What does it mean when you are ranked first in the country all season, lead the nation in goals and shots, have the Patty Kazmaier winner who rewrote the record books in net and you double-up your opponent in shots, but only manage to score a single goal in the Frozen Four while giving up three in the title game?
How do you “fix” that? What could you do differently, when a full season is undone in six periods? What can a coaching staff do to ensure it doesn’t happen again? How do you let go and move on from a game — or two games — that define your career, but defy explanation?
Badgers coach Mark Johnson talks about his affinity for winning the regular-season conference title versus the tournament crown as that regular season win shows a full body of work. It means being the best over a period of more than six months, as opposed to over the course of two weekends.
Holding on to the number one ranking from start to finish in a season is no easy feat and tells the tale of a lot of hard work and a little bit of luck. From first puck drop to that final weekend, Wisconsin was the top team in the country, and it really wasn’t close. Most weeks, no other team even received votes.
There were not signs of the impending doom in the closing weeks of the season. The Badgers ranked first in team offense, team defense, and penalty kill and were way back in fourth on the power play. They averaged four goals per game in the second half of the season and more than five goals per game in their five playoff games before getting to St. Charles, Missouri, for the Frozen Four. The team had a tendency to take a ton of shots, but on that weekend in March 2017, it was like they couldn’t come close to the net. There was a goal called back for interference. There were breakaways and odd-skater rushes. There were opportunities, but Wisconsin could not capitalize on them.

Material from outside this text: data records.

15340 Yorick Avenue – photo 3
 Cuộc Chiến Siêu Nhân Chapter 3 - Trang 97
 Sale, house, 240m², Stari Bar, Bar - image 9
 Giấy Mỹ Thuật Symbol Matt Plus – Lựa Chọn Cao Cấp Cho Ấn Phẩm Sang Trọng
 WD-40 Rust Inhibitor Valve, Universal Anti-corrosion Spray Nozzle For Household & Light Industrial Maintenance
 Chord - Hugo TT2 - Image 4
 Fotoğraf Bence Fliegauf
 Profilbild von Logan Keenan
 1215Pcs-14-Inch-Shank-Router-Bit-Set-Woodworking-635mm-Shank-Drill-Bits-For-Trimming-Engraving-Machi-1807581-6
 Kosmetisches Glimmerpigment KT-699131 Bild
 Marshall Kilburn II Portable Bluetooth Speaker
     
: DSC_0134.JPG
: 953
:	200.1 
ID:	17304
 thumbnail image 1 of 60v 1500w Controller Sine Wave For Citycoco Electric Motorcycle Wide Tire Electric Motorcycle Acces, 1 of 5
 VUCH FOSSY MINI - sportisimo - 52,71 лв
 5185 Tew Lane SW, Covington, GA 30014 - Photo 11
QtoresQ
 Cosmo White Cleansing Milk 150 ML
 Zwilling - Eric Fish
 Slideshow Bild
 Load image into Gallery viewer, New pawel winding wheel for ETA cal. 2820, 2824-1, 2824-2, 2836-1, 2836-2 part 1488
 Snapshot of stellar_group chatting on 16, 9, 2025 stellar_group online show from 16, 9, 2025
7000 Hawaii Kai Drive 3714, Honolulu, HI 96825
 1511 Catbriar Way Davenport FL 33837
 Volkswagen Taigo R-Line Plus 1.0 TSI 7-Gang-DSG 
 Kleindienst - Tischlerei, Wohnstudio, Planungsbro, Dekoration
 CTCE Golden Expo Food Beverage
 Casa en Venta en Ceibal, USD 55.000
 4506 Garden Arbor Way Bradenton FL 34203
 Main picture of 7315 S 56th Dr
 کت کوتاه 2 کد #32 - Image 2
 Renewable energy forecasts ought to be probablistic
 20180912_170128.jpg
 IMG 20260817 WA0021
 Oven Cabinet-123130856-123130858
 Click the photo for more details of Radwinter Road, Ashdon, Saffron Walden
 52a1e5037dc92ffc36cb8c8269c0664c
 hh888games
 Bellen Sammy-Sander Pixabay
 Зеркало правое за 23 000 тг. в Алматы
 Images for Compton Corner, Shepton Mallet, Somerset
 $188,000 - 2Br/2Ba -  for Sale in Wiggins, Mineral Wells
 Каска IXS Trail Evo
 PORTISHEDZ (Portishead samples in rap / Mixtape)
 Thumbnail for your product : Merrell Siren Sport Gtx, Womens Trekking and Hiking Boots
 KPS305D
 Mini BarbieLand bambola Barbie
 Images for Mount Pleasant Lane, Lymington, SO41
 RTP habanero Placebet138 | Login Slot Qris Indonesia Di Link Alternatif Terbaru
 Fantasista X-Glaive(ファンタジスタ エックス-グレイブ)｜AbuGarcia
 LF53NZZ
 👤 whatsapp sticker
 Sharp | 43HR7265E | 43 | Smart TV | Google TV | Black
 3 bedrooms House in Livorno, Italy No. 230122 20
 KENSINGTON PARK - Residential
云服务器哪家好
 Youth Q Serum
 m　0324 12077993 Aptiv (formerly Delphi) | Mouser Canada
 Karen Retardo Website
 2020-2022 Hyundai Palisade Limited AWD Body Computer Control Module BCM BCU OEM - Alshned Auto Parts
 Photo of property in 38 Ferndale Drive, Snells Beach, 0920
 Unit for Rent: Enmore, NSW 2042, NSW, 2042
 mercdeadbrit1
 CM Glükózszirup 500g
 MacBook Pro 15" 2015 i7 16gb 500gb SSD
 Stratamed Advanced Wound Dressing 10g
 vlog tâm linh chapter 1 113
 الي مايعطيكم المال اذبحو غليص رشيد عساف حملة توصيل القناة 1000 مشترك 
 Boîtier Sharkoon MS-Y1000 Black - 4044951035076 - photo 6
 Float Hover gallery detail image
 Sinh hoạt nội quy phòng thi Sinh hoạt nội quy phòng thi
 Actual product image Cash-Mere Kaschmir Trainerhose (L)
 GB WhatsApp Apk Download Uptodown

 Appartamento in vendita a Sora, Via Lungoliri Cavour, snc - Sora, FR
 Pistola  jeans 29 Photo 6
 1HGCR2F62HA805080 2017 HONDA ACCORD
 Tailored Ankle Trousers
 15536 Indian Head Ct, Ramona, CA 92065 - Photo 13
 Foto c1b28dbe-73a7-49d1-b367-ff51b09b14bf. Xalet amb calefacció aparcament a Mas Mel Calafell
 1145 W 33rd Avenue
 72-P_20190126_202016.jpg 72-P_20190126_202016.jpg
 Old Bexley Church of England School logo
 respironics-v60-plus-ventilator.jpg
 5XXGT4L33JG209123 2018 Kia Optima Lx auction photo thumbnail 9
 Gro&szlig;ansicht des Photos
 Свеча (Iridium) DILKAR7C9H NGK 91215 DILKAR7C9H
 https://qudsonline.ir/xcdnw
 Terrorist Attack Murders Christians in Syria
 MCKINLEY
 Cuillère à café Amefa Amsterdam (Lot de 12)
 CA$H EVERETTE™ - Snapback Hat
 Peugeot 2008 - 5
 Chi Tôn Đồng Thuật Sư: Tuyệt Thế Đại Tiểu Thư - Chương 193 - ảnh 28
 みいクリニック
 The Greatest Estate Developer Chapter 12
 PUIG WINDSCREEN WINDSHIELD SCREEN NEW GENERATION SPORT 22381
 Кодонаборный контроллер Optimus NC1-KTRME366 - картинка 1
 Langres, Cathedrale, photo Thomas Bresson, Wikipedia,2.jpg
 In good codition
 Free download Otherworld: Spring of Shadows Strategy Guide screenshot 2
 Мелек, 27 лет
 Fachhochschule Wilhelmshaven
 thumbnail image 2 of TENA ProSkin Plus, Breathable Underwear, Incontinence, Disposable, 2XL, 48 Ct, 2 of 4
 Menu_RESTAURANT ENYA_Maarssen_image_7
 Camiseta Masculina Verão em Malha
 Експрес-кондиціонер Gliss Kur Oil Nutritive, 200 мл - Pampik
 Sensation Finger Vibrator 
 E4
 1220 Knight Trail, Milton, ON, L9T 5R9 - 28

Not only that, but they gave up just 29 goals all year — an average of just 0.7 goals per game. They had never given up more than two goals in a game all season and had 18 shutouts, including in their 1-0 win over Boston College in the national semifinal. After having reached three straight Frozen Fours without advancing to a title game, this team took down Boston College with a minute to go and took a huge step forward. But it was not to be.
The Badgers fell to Clarkson, 3-0, in the 2017 National Championship game, and it’s something the players who were on the ice that day haven’t forgotten. There was the disappointment of losing, of course, but it was compounded by the manner in which it happened.
*number one in the nation 27 weeks in a row*
*outshoots the other team 48-18*
Badgers: loses national championship pic.twitter.com/zpDgkDphIn
— Jenny Ryan (@j_flow5) March 20, 2017
This year’s team hasn’t been quite as dominant as that 2016-17 squad, but that doesn’t mean the team doesn’t have high expectations for what they can — and should — accomplish. The 11 players on this team who stood on the ice while Clarkson celebrated two years ago are eager to face down some demons and get some redemption at the same time.
“Just watching (Clarkson) play this year and seeing those top players who are putting up a lot of points, you’re excited for that challenge,” said Wisconsin goalie Kristen Campbell after the team’s NCAA quarterfinal win. “I know that this team is more than ready to take on those players. I know that we can shut them down.”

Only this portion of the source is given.